_TASK TO CARRY OUT_
Please set down exactly the lines from the one containing "Kortærmet, kobberfarvet Bluse" through the last line of the records below, both included, with no pictures.

MATERIAL FOR THIS TASK START

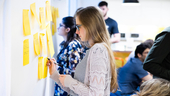 JPMorgan Chase team member writing on post-it notes on a whiteboard
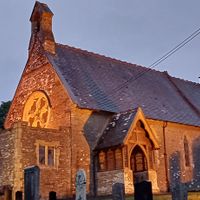 The church in front of the cottage at night at Gorllan in Eglwyswrw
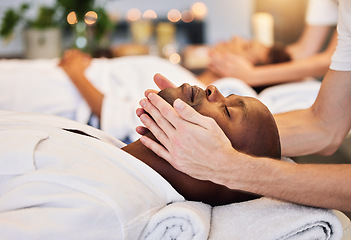 Image showing Face massage, beauty therapist and black man, skincare and relax in luxury spa with zen, hands and rest on a bed. Wellness, skin health and cosmetic treatment for healthy skin and relaxing body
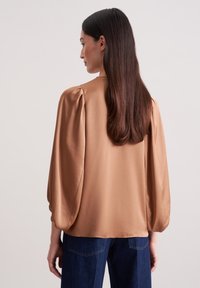 Kortærmet, kobberfarvet Bluse med en glat tekstur, puffede ærmer og rund halsudskæring, parret med mørkeblå jeans.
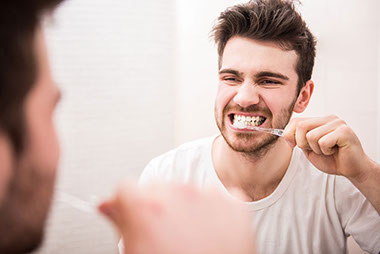 Image of man brushing teeth.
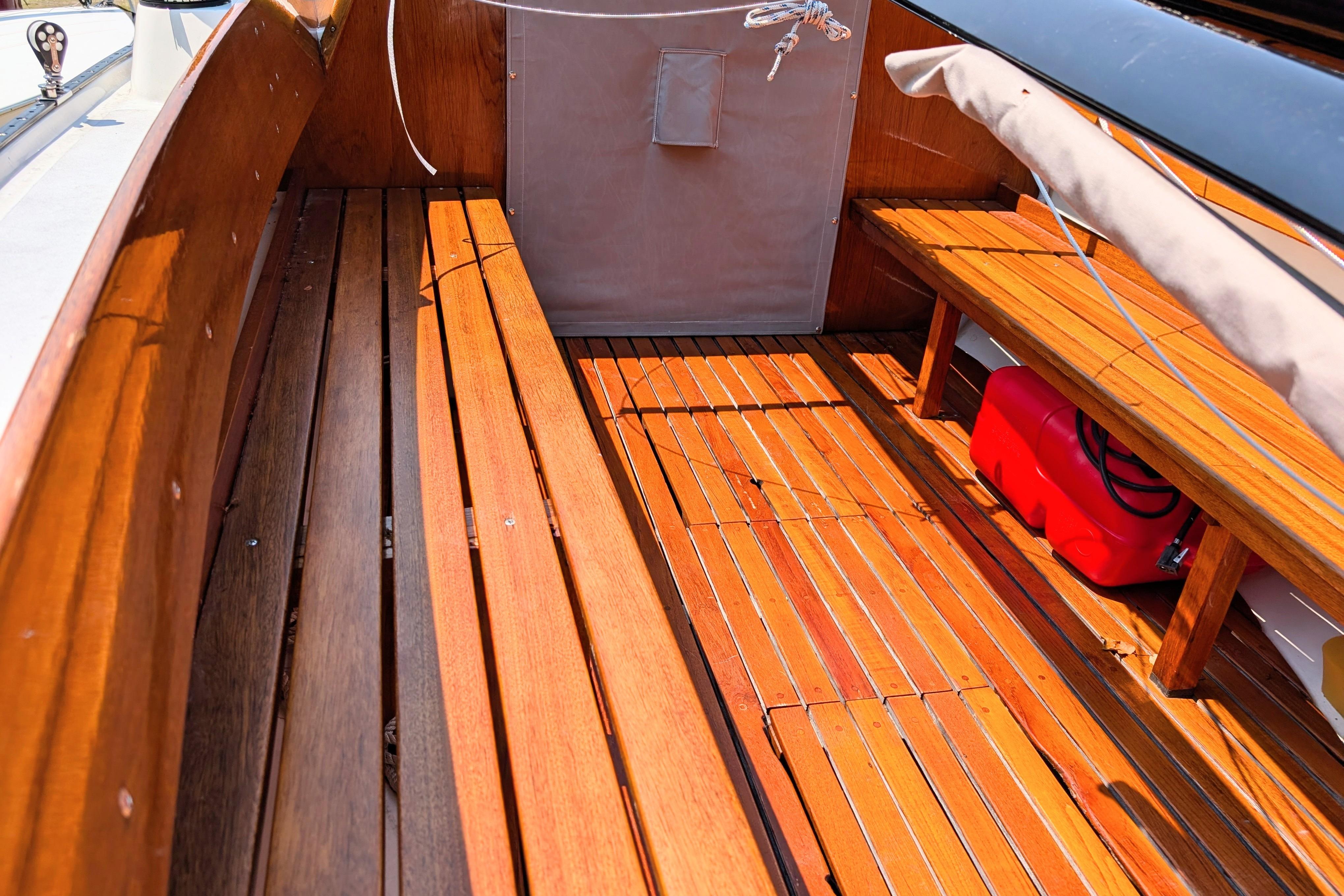 Interior of a 1965 Pearson Ensign sailboat with polished wooden flooring and seating.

MATERIAL FOR THIS TASK END

_YOUR RESPONSE_
 Kortærmet, kobberfarvet Bluse med en glat tekstur, puffede ærmer og rund halsudskæring, parret med mørkeblå jeans.
 Image of man brushing teeth.
 Interior of a 1965 Pearson Ensign sailboat with polished wooden flooring and seating.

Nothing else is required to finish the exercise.